The hot sun would breach through the sunshades onto my raspberry soda, the smell of cigarettes would coat the outdoor air. Inside, the sound of a jukebox, smashing pool balls and pokie machines ripped through the bar. 

I always remember standing in awe of this painting of the cast of the 1960s classic, The Magnificent Seven upon their horses, revolvers drawn, hung high over the entrance to the men’s bathroom. 

 We’re not in some highway bar on Route 66, (admittedly we were in Sunnynook), but it’s this sentimentality, these types of memories that Oklahoma country/folk singer/songwriter, Zach Bryan, captures in his album The Great American Bar Scene

While I grew up listening to country, in recent years I’ve distanced myself from the genre as it just hasn’t connected with me the same. 

It just feels like country music has found itself bogged down in a mainstream pop sound that lacks any form of substance. I understand why people enjoy it, it’s fun, light and easy listening, but I need my cowboys slightly sad and deeply nostalgic, à la; The Highwaymen.  

 While Zach Bryan doesn’t venture into pop, he does explore folk. He traverses this genre in his sound, but never seems to go too far. It is clearly still country, but with a twist. 

I feel like this balance he strikes is displayed elegantly in his single ‘Purple Gas’ featuring the Canadian born Noeline Hofmann.  

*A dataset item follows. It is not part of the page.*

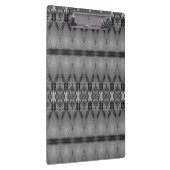 ホスタラビスタトゥート13 B&W クリップボード (右)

 Zach Bryan has a way with words too, from what I understand of his songwriting process, he begins by writing a poem, before he expands them into these full-bodied symphonies.

These hauntingly gorgeous stories he shares through this writing are done so with such delicate choice in language, it’s profoundly captivating, and lingers in your mind long after the record stops spinning.  

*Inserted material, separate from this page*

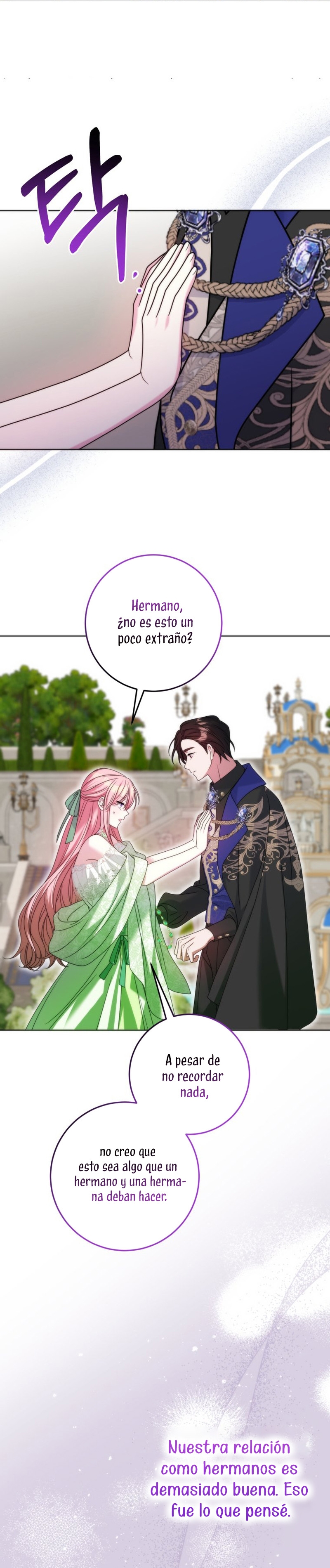 Conocí al Protagonista Masculino en una Celda Capítulo 41 - Page 42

To be able to paint such vivid imagery in the theatre of one's mind through a few words and a wicked chord progression is most apparent on ‘Pink Skies’, featuring Watchhouse.

 I really can’t talk about Zach Bryan without talking about how his music makes me feel, which in my humble opinion, is what makes his music so masterful. I'd be lying if I said I related directly to the stories being told, some of which are so quintessentially American, however I believe the emotions he invokes through his waiata are fundamentally universal. 

 Music is everything, everywhere, all at once. It plays at our birthdays, our weddings, our funerals. It can make us laugh, cry, smile, frown, dance or sleep.  

 But Zach Bryan’s The Great American Bar Scene makes me remember.